## What is being asked
For this exercise, write out only the lines of the entries below from the one with "NFL Carolina Panthers" up to and including the one with "SHIMANO Dešinės pavaros", exactly as they are. Pictures stay out.

## Input data
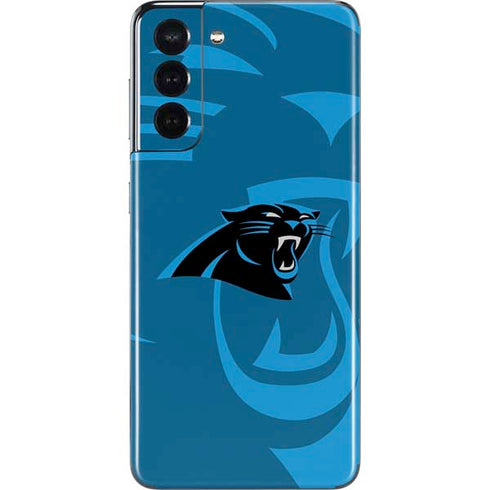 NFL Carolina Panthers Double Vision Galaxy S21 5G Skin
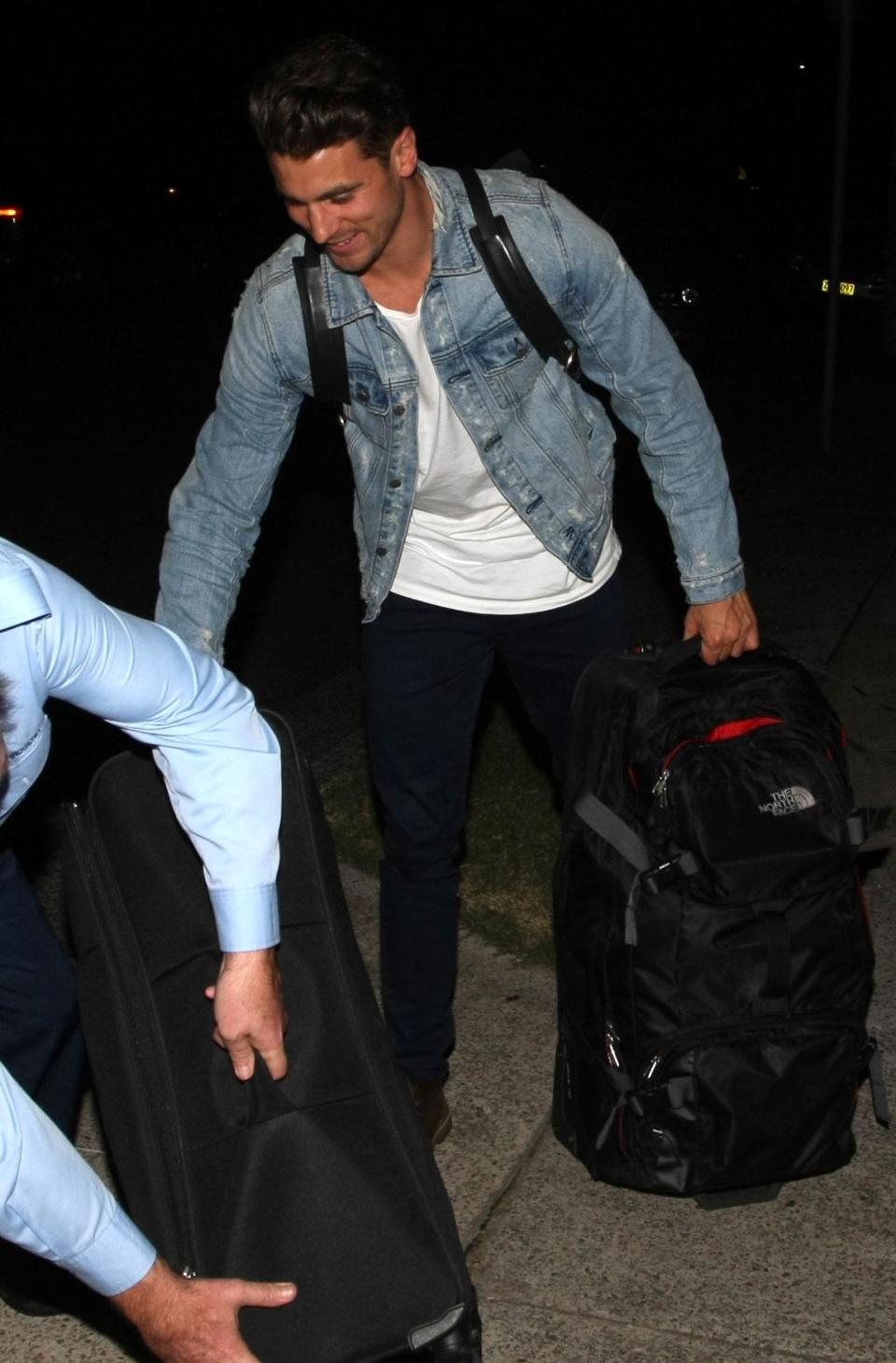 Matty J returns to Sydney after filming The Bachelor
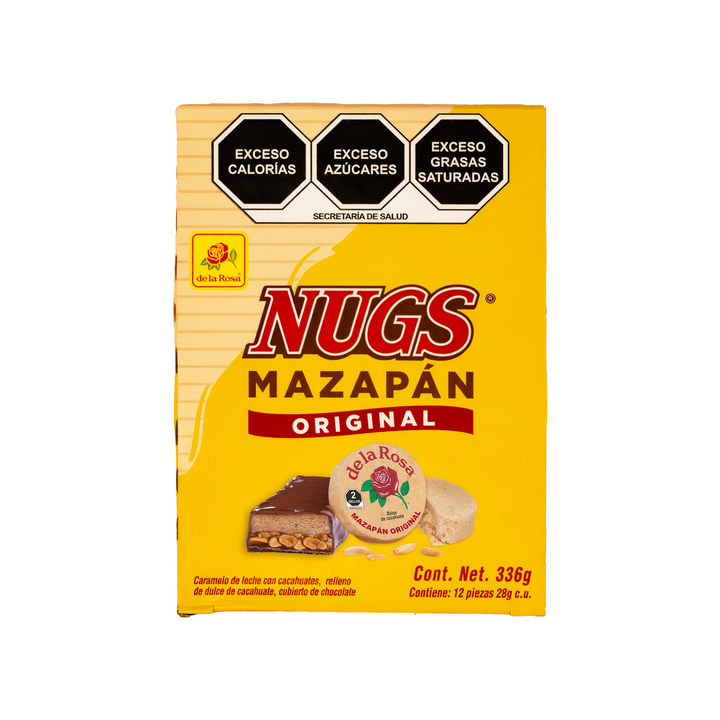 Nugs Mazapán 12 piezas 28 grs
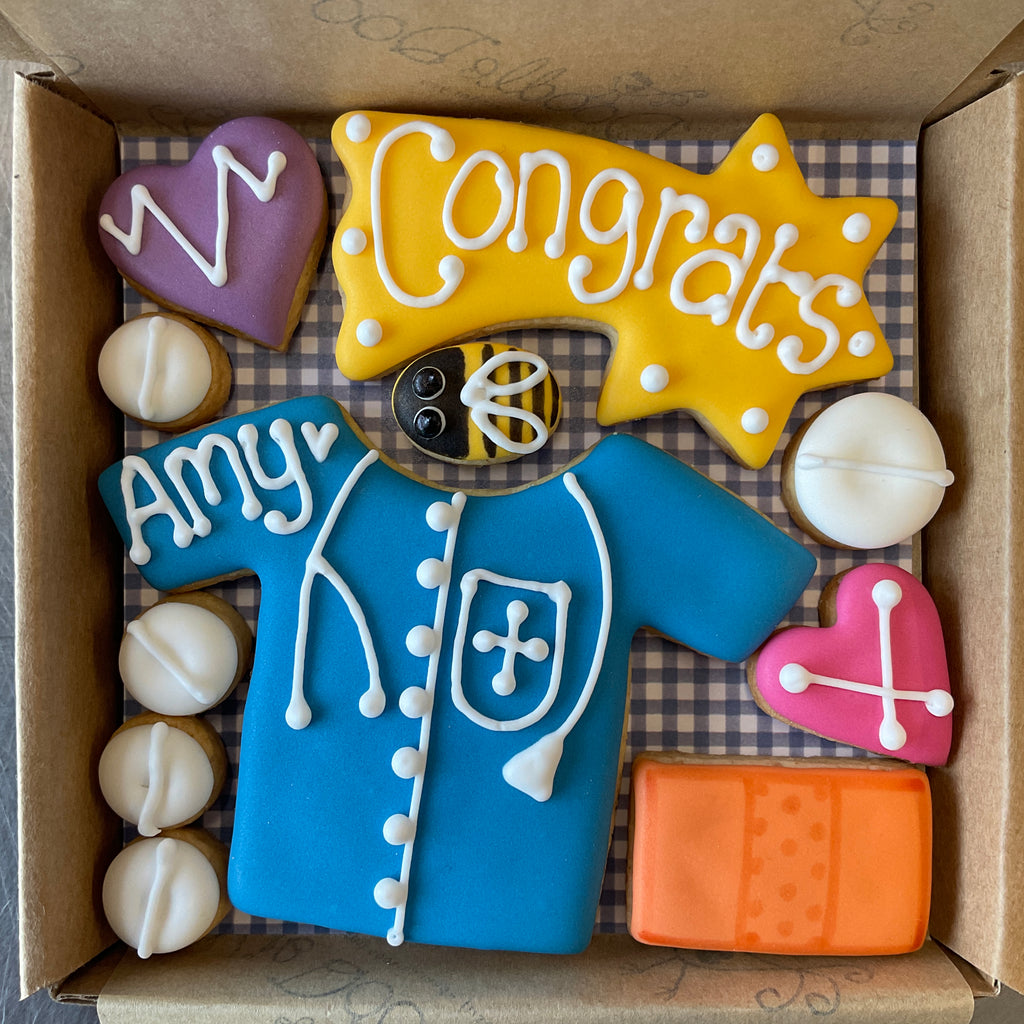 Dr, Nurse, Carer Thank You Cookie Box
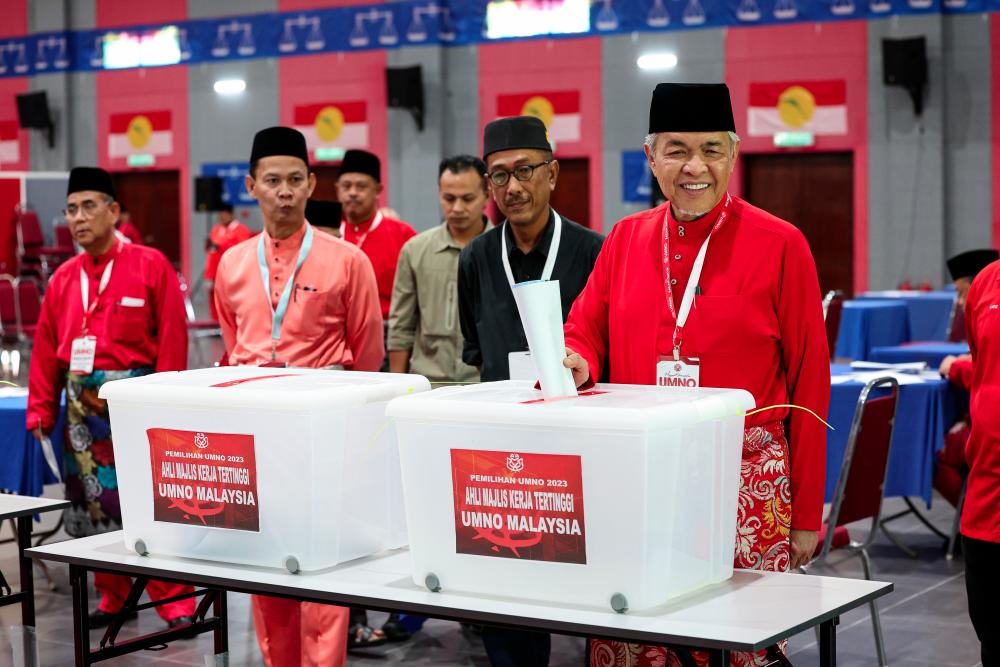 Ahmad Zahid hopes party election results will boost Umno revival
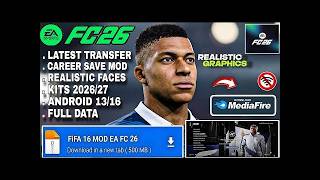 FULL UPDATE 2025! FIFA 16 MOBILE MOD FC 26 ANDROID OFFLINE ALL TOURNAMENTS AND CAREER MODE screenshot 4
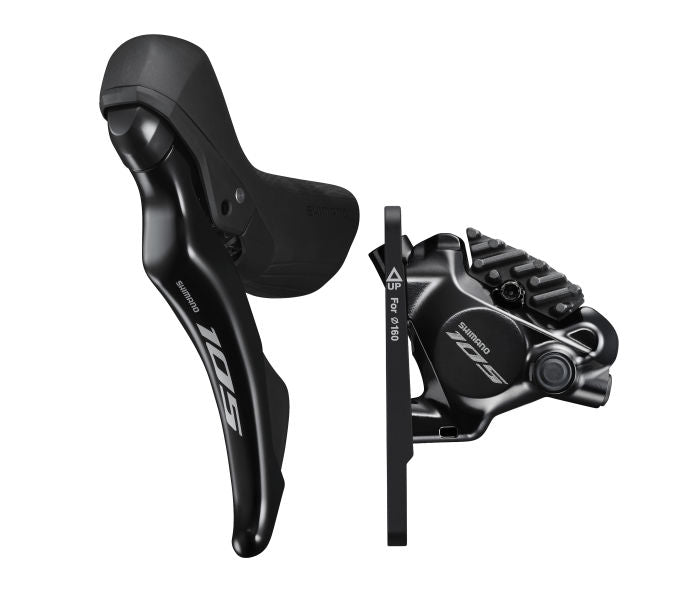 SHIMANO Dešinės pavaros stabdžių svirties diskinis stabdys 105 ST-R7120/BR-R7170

...

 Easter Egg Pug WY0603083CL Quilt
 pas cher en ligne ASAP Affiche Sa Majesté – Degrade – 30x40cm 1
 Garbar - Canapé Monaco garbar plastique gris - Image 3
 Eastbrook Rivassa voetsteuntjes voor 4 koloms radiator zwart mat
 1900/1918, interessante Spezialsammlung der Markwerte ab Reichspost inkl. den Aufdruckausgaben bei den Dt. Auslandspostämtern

## Response to the task
 NFL Carolina Panthers Double Vision Galaxy S21 5G Skin
 Matty J returns to Sydney after filming The Bachelor
 Nugs Mazapán 12 piezas 28 grs
 Dr, Nurse, Carer Thank You Cookie Box
 Ahmad Zahid hopes party election results will boost Umno revival
 FULL UPDATE 2025! FIFA 16 MOBILE MOD FC 26 ANDROID OFFLINE ALL TOURNAMENTS AND CAREER MODE screenshot 4
 SHIMANO Dešinės pavaros stabdžių svirties diskinis stabdys 105 ST-R7120/BR-R7170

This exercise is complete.